**DATA TO PROCESS:**
* * *

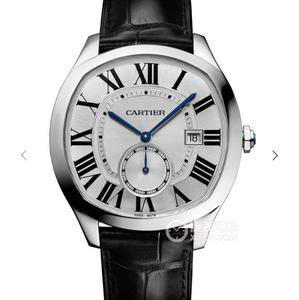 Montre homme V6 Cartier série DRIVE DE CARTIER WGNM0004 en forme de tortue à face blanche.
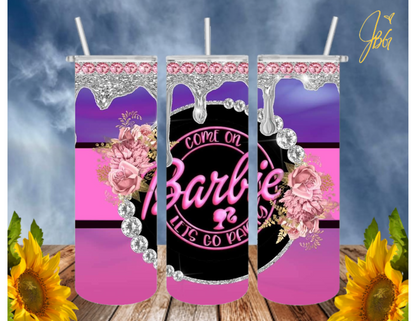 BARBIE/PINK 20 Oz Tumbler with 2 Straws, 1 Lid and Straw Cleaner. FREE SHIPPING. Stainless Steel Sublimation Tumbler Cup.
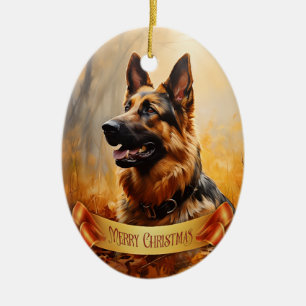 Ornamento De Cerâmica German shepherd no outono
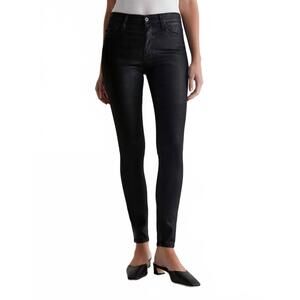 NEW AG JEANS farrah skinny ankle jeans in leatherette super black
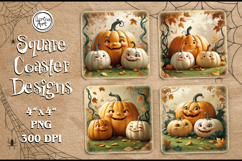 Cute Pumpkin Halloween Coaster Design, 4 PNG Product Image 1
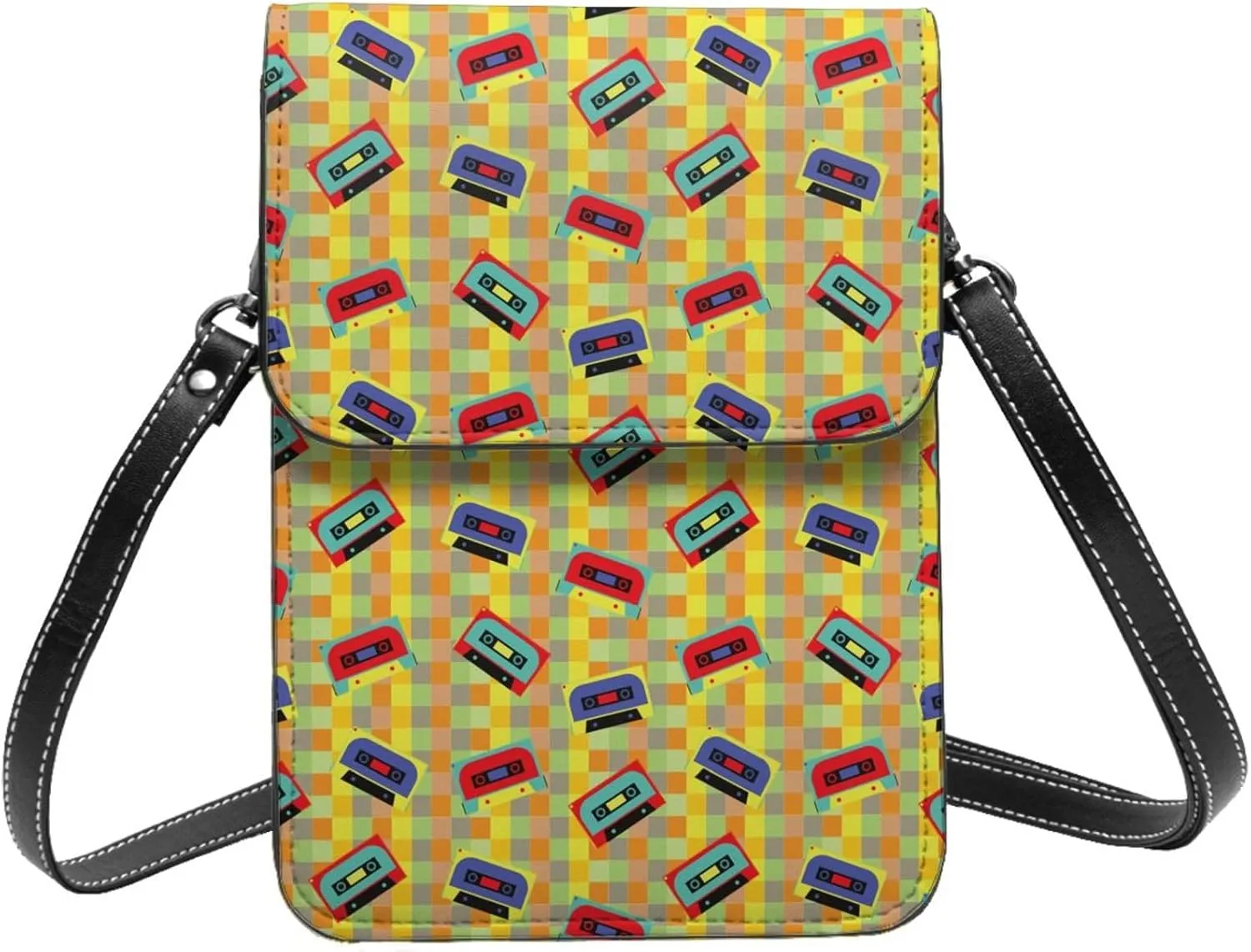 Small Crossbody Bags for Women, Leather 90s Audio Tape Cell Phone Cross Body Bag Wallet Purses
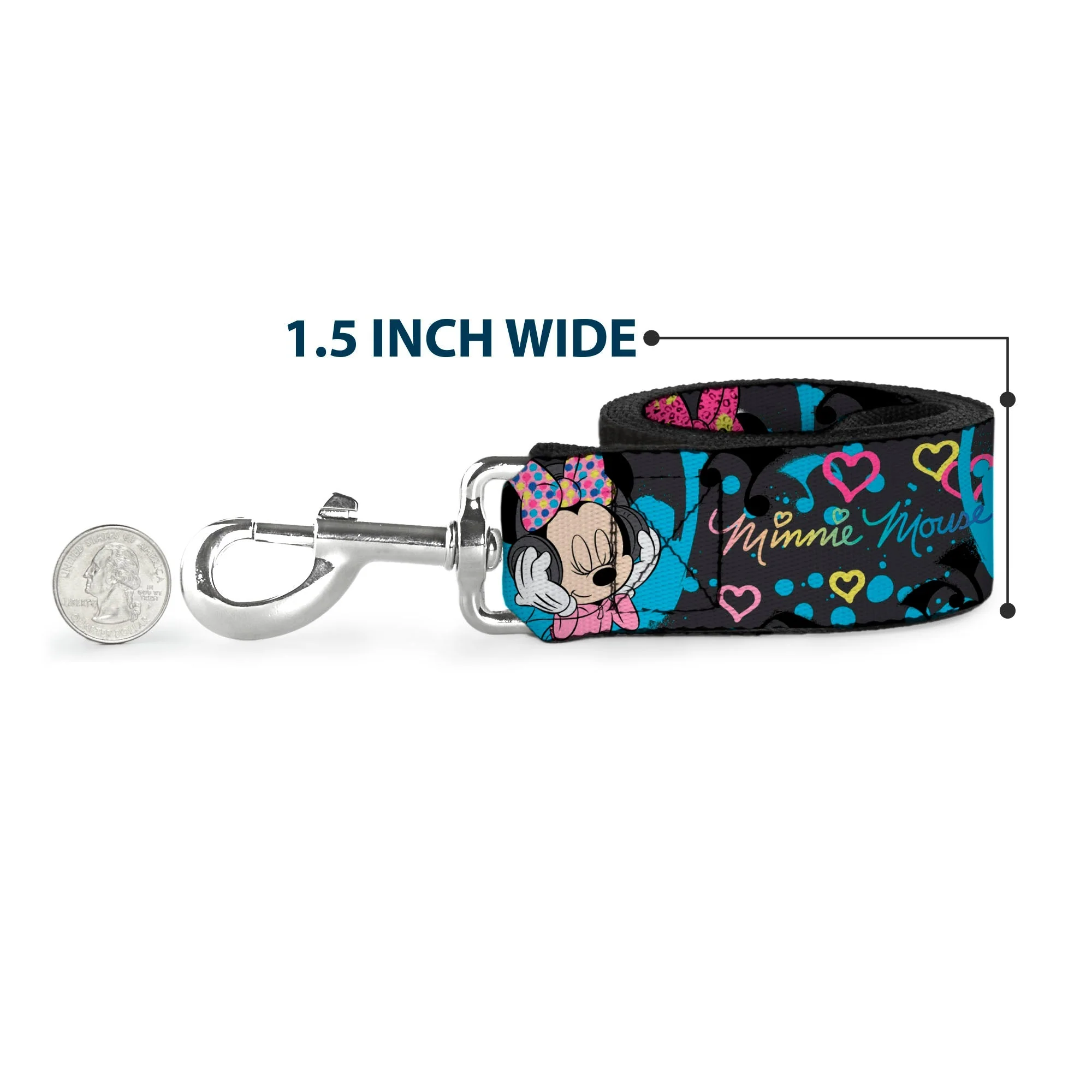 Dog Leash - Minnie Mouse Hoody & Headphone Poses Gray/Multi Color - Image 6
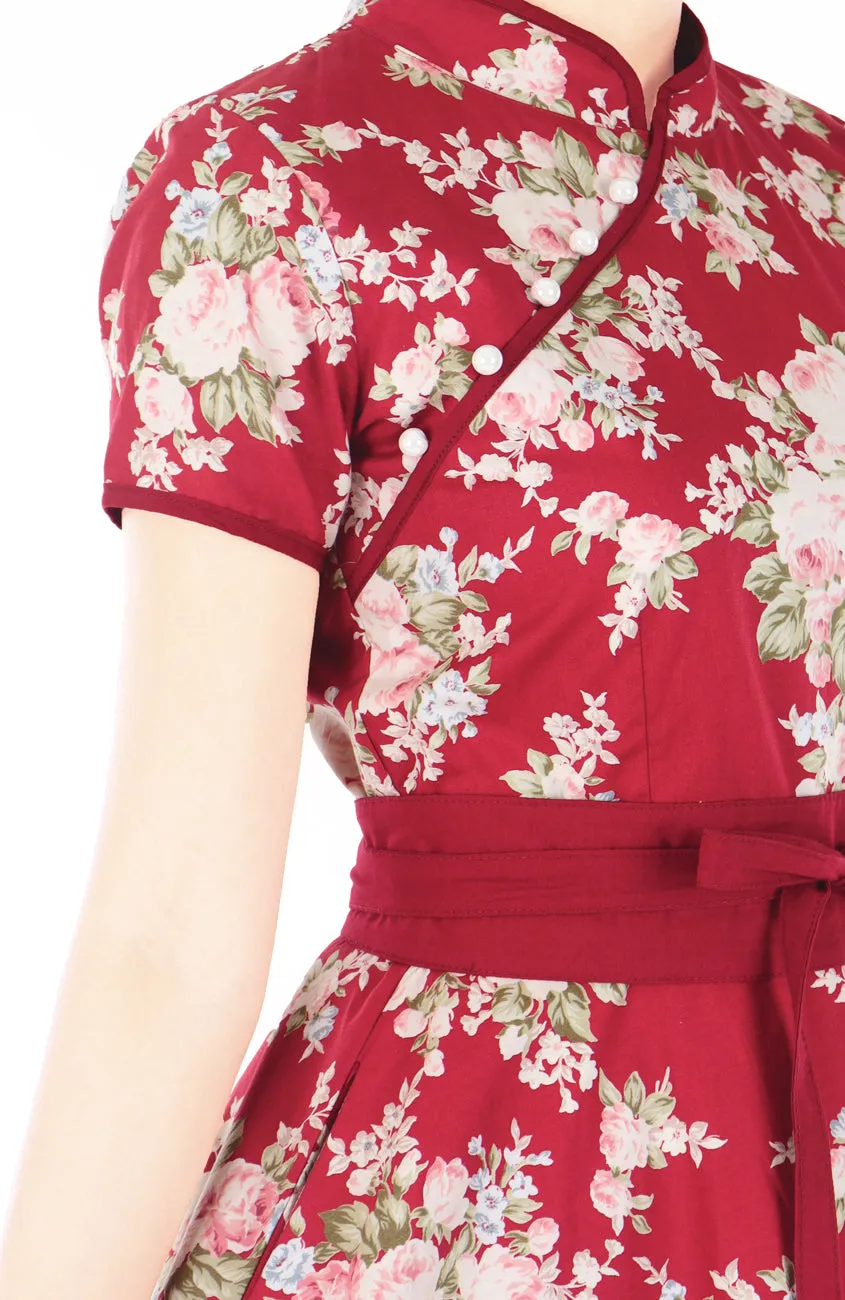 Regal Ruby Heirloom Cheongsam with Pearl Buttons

* * *

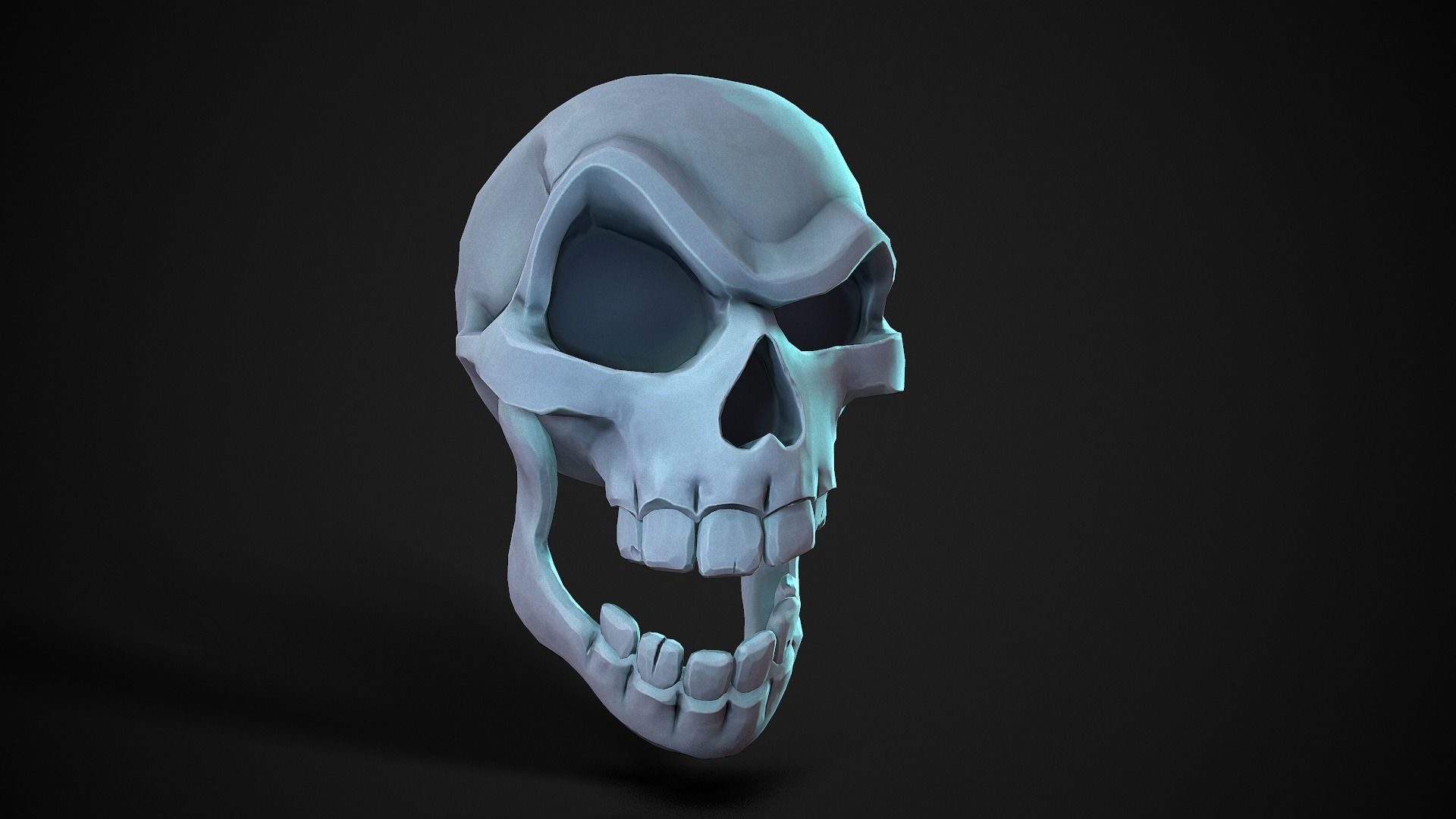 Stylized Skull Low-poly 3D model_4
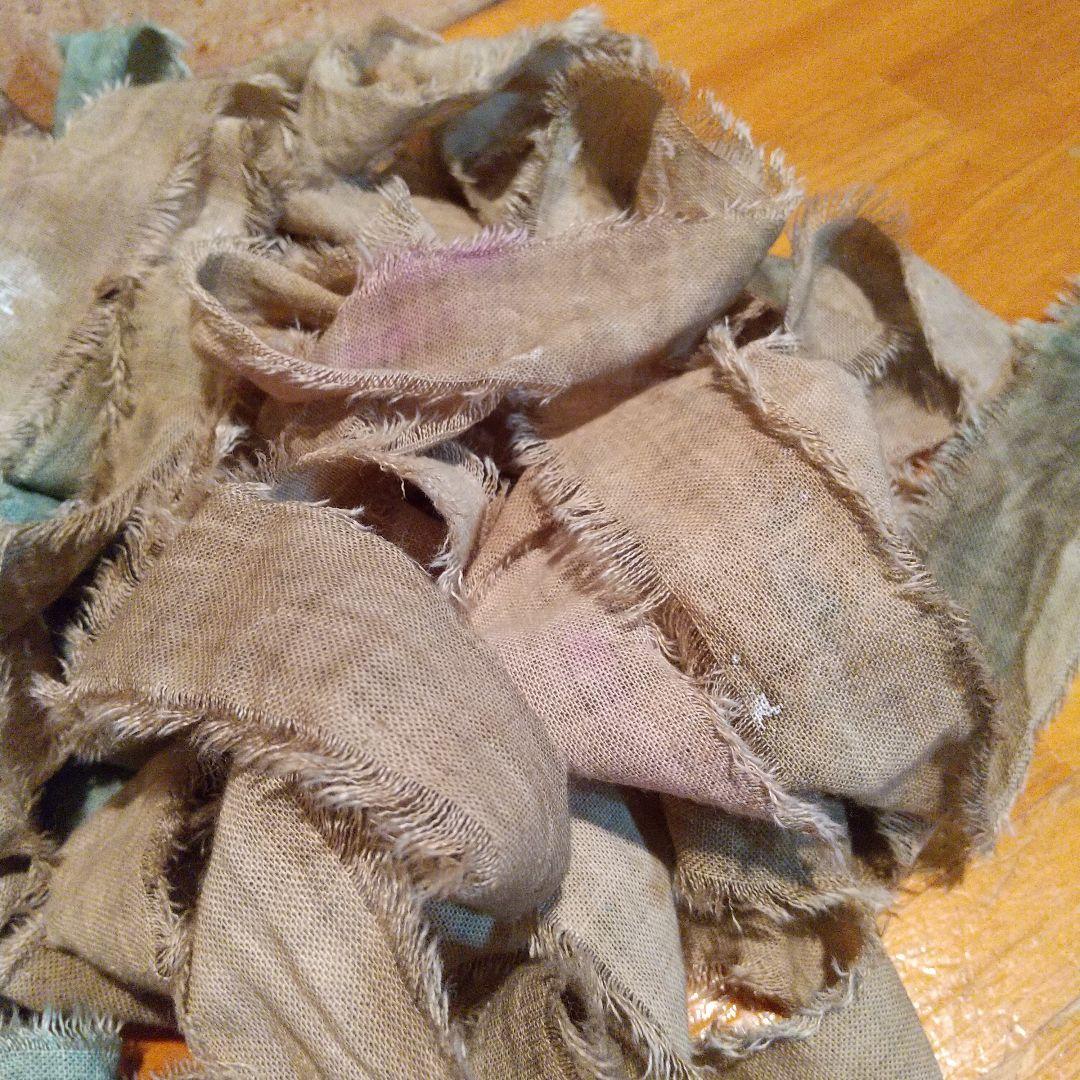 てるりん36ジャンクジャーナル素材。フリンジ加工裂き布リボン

* * *

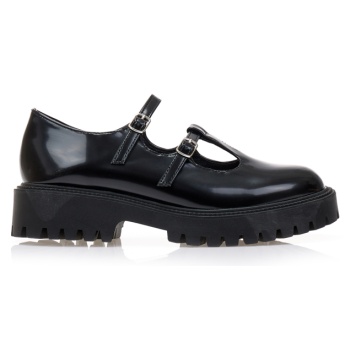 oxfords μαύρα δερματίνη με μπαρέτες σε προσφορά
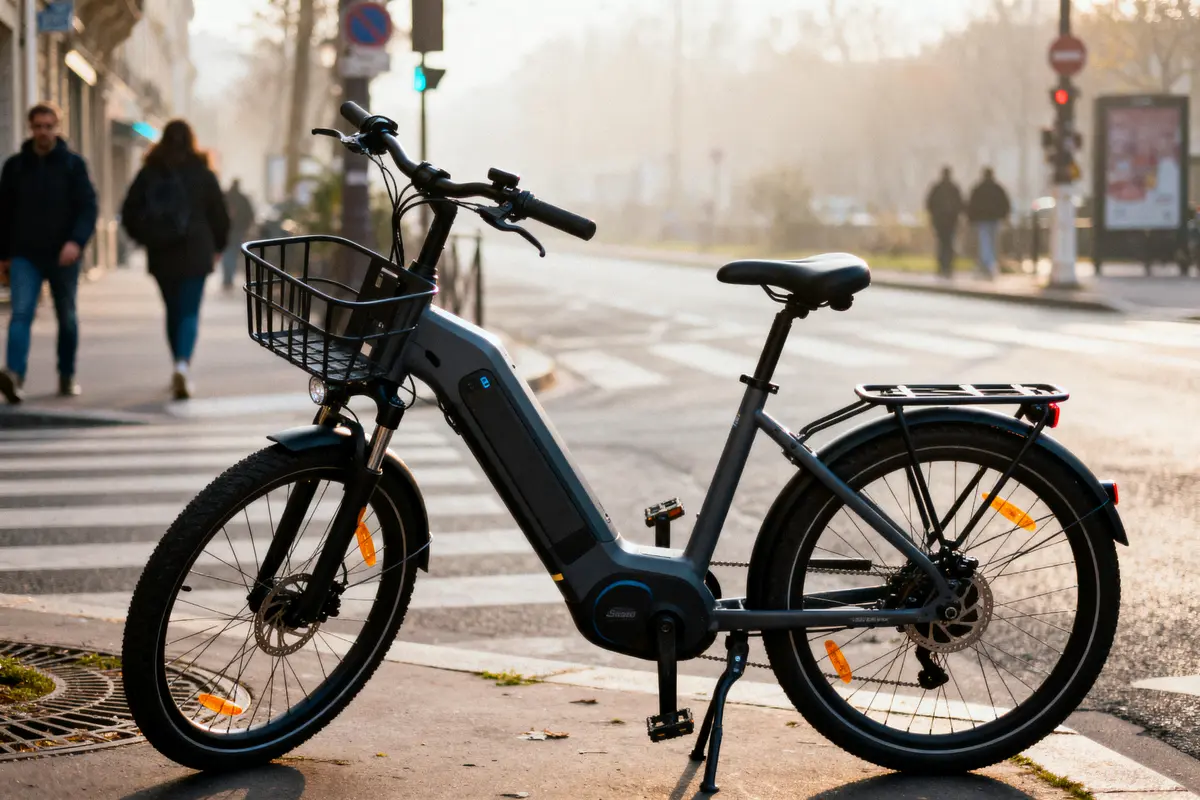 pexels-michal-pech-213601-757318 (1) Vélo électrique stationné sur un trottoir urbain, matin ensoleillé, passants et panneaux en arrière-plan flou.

* * *

The lines to set down run from the line with "BARBIE/PINK 20 Oz" up to and including the line with "Regal Ruby Heirloom" in the entries above. Reproduce them exactly, with no pictures.

 BARBIE/PINK 20 Oz Tumbler with 2 Straws, 1 Lid and Straw Cleaner. FREE SHIPPING. Stainless Steel Sublimation Tumbler Cup.
 Ornamento De Cerâmica German shepherd no outono
 NEW AG JEANS farrah skinny ankle jeans in leatherette super black
 Cute Pumpkin Halloween Coaster Design, 4 PNG Product Image 1
 Small Crossbody Bags for Women, Leather 90s Audio Tape Cell Phone Cross Body Bag Wallet Purses
 Dog Leash - Minnie Mouse Hoody & Headphone Poses Gray/Multi Color - Image 6
 Regal Ruby Heirloom Cheongsam with Pearl Buttons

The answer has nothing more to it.